Georgia State will develop a five-year strategic plan for business, management and economics programs at the International University of Grand-Bassam in Cote d’Ivoire.
Higher Education for Development, an international educational organization that works closely with USAID, awarded 20 of the grants to help fund growing partnerships between American and African universities.
More than 300 universities applied. No other Georgia universities were awarded grants.
Georgia State and the International University have worked together since 1994, but political uprisings delayed the relationship’s progress. Since 1998, many faculty and student exchanges have taken place.
The Cote d’Ivoire school is the first English-language university in the country modeled after the U.S. higher education system, according to the Georgia State Office of International Affairs.
With the grant, officials hope to complete a four-year undergraduate curriculum and develop graduate programs in business and public administration with the goal of training leaders who can help the local economy prosper.

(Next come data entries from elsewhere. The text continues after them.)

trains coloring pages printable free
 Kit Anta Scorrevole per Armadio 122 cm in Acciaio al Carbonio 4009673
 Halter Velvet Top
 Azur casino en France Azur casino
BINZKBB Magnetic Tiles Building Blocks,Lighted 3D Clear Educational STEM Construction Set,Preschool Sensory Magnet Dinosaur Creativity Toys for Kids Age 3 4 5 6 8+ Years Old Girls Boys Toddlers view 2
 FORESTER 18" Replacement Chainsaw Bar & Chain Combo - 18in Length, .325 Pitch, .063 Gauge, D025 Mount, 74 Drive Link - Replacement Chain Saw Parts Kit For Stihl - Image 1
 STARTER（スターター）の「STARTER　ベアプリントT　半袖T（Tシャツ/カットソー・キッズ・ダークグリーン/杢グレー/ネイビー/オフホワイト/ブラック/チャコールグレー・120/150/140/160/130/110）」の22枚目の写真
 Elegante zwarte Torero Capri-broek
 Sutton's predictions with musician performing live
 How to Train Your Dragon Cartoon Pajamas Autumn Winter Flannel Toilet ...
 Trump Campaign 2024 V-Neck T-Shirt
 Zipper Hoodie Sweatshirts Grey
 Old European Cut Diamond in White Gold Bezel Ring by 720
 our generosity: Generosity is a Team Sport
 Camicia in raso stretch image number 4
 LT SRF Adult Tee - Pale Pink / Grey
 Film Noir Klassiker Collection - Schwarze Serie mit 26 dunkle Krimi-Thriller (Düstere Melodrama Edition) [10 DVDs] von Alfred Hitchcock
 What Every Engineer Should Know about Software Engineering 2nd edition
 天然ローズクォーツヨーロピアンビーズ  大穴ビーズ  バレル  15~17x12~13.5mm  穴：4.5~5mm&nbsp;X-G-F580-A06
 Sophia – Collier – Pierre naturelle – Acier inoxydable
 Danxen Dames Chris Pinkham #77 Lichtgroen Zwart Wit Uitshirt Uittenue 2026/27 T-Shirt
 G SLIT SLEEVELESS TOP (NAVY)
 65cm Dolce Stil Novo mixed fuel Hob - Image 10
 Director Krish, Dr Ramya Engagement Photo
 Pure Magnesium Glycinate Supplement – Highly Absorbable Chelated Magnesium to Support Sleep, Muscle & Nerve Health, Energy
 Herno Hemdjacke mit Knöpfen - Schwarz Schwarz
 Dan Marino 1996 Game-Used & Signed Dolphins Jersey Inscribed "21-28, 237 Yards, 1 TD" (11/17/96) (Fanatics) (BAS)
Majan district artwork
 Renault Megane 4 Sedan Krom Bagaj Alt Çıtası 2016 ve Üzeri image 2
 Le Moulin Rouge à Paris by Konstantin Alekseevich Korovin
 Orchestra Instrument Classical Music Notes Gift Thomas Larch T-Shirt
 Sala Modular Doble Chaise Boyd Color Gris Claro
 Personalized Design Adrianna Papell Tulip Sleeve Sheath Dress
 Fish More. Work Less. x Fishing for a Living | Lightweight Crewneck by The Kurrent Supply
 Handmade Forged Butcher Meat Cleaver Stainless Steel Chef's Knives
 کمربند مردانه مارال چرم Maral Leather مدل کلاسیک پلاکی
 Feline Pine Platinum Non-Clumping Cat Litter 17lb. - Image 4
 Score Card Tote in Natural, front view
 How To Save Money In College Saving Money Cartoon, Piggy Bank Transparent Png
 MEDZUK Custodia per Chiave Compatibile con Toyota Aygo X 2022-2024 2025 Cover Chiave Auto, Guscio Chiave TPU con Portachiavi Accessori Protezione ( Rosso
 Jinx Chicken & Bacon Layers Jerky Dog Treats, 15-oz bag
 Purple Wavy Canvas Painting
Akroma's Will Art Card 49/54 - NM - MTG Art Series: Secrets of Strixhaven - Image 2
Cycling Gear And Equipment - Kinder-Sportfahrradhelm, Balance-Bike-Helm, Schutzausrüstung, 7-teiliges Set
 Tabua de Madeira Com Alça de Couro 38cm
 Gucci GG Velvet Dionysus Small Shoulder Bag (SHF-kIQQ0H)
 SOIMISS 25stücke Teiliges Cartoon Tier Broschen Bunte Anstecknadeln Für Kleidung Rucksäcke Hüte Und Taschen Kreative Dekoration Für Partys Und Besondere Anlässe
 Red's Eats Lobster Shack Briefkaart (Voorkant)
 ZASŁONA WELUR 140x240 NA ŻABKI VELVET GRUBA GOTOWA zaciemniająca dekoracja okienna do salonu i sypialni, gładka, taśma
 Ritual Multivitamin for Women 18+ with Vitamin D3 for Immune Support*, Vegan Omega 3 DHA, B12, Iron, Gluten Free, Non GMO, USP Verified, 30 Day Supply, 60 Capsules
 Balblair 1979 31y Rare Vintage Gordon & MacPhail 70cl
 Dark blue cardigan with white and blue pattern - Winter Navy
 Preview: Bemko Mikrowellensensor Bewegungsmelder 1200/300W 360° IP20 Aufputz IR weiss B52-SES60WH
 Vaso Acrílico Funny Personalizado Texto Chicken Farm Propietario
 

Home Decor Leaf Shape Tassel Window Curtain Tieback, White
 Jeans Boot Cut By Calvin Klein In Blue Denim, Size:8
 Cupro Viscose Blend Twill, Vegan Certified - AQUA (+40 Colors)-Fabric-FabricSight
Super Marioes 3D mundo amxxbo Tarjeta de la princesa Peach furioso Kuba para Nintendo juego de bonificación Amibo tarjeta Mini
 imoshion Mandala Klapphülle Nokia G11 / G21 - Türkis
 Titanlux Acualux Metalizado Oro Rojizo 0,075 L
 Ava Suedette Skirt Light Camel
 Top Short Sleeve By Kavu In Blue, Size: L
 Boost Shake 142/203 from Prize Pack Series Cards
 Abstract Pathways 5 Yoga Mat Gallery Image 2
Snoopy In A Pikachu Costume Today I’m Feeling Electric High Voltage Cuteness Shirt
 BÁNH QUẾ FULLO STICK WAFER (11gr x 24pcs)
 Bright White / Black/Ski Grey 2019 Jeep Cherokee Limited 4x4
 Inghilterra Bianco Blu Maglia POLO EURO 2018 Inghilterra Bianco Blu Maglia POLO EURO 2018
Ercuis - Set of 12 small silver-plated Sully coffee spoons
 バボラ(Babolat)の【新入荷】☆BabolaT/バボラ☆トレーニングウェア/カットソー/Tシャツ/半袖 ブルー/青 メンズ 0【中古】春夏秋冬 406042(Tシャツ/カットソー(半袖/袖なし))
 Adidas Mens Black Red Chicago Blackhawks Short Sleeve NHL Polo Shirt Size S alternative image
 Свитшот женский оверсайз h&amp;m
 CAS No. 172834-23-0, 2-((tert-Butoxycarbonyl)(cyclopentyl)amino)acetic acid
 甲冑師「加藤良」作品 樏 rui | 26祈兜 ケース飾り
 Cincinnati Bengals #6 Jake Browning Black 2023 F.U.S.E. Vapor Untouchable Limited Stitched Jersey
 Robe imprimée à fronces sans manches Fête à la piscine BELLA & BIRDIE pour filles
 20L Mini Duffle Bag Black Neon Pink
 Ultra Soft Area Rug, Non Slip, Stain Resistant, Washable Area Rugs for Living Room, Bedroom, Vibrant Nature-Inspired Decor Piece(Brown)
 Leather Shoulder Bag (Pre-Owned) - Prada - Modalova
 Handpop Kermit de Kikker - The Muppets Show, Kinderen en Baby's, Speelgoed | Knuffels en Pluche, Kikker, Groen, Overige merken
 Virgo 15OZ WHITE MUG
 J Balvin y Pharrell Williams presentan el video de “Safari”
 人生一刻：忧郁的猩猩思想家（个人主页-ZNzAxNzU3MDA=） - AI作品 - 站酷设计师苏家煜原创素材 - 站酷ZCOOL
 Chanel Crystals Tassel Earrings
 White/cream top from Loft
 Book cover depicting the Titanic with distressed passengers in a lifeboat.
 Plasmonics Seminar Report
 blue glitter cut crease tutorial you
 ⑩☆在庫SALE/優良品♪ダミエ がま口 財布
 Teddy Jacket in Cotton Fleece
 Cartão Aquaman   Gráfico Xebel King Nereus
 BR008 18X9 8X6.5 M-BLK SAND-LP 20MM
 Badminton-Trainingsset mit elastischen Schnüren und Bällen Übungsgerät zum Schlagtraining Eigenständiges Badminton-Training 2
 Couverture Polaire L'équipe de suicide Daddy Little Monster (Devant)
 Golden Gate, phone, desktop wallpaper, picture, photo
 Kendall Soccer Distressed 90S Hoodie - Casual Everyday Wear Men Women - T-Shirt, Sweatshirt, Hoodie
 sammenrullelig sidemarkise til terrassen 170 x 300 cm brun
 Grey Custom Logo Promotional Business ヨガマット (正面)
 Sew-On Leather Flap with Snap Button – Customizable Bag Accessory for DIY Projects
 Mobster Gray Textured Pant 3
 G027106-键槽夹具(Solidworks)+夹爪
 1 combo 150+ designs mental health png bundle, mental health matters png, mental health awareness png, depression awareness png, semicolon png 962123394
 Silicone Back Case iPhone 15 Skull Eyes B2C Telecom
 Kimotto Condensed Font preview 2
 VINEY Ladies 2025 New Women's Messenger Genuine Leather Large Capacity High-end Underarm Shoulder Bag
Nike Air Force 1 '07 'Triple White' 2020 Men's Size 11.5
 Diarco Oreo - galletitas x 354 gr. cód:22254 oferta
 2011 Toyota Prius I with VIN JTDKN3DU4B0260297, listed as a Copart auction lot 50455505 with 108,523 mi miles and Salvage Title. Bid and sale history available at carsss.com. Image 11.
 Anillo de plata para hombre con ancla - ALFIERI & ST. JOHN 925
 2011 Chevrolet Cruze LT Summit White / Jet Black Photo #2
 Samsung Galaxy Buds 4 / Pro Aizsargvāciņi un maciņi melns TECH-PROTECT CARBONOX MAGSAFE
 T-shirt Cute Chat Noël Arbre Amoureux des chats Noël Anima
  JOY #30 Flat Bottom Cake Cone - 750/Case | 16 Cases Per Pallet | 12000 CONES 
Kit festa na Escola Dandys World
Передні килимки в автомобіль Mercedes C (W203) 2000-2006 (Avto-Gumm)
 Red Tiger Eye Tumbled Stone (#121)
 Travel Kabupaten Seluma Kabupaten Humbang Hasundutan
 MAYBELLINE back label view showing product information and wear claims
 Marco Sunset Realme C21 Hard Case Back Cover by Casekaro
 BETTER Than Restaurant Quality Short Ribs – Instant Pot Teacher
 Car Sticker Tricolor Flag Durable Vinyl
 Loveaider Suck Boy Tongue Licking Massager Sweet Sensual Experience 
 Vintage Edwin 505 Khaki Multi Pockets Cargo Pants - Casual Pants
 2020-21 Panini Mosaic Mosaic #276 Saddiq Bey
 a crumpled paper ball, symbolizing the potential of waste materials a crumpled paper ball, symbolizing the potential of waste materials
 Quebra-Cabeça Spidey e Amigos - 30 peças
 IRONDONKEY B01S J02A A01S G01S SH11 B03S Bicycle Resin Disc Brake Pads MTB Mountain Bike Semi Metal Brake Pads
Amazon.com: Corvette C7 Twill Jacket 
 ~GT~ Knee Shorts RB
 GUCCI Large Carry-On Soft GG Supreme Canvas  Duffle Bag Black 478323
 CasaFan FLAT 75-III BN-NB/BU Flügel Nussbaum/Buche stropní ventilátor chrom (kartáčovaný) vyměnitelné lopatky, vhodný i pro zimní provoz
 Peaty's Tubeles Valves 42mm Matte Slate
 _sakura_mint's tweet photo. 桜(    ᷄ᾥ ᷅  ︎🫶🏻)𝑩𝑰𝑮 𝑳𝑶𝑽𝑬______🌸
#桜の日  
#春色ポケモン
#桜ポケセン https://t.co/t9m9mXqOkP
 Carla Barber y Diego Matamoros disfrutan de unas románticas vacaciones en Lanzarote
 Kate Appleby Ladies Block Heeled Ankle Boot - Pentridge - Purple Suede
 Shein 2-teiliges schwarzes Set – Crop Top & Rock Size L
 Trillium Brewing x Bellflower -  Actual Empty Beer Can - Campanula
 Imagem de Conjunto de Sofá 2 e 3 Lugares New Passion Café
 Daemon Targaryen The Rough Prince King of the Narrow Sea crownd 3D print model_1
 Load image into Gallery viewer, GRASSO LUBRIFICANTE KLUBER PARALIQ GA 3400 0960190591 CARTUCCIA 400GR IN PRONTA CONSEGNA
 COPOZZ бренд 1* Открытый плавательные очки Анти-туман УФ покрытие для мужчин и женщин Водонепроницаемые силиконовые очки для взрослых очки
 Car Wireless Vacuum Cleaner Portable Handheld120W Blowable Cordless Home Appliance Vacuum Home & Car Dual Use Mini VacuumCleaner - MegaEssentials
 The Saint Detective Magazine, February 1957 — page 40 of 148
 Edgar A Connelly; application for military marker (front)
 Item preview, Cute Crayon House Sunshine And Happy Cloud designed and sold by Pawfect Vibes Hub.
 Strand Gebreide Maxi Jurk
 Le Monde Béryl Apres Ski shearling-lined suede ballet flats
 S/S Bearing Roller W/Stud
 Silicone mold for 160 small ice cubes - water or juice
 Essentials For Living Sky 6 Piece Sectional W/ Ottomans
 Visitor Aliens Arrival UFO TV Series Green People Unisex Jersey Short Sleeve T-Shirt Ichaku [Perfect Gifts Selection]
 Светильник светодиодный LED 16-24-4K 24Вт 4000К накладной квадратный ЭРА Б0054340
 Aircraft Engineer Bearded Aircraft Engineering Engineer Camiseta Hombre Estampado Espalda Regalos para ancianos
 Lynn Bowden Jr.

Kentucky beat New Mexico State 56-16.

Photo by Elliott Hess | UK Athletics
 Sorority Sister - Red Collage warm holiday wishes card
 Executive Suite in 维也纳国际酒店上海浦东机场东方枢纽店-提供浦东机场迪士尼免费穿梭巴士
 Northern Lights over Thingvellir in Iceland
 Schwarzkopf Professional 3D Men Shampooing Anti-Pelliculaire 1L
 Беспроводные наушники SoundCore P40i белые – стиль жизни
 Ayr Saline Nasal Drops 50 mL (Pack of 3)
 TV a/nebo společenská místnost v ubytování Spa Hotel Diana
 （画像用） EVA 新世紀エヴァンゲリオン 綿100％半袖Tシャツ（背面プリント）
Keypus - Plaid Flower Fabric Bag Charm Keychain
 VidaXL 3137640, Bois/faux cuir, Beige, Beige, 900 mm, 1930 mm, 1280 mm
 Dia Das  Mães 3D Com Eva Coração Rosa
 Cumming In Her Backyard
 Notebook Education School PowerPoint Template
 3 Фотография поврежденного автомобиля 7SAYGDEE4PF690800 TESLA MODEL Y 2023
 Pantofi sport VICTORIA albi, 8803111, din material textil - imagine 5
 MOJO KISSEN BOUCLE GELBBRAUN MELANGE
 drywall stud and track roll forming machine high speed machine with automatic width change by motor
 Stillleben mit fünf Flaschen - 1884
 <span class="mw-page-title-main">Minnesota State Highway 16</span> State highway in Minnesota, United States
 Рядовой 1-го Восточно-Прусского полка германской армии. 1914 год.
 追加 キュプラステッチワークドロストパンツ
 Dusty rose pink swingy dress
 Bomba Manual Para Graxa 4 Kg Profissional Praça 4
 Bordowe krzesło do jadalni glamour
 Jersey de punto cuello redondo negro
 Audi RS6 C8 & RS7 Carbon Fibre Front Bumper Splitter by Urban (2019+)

“IUGB’s core objective is to build human capital for regional economic development. We intend to produce qualified and skilled personnel who are trained in problem solving and intercultural cooperation,” said Saliou Torre, president of the International University, at its first board meeting in the city of Grand-Bassam.
The International University currently has 150 students and hopes to double that number this year with Georgia State’s help.
The $50,000 grant is small compared to other grants Higher Education for Development gave to Georgia State at the end of 2008.
The university won $2.1 million for a variety of projects, including $1.5 million to develop an executive MBA program at the University of Alexandria in Egypt and $400,000 for a partnership with Cairo University.
Georgia State also got $250,000 to help develop English language teaching curricula at the Universidad Pedagógica Nacional of Mexico.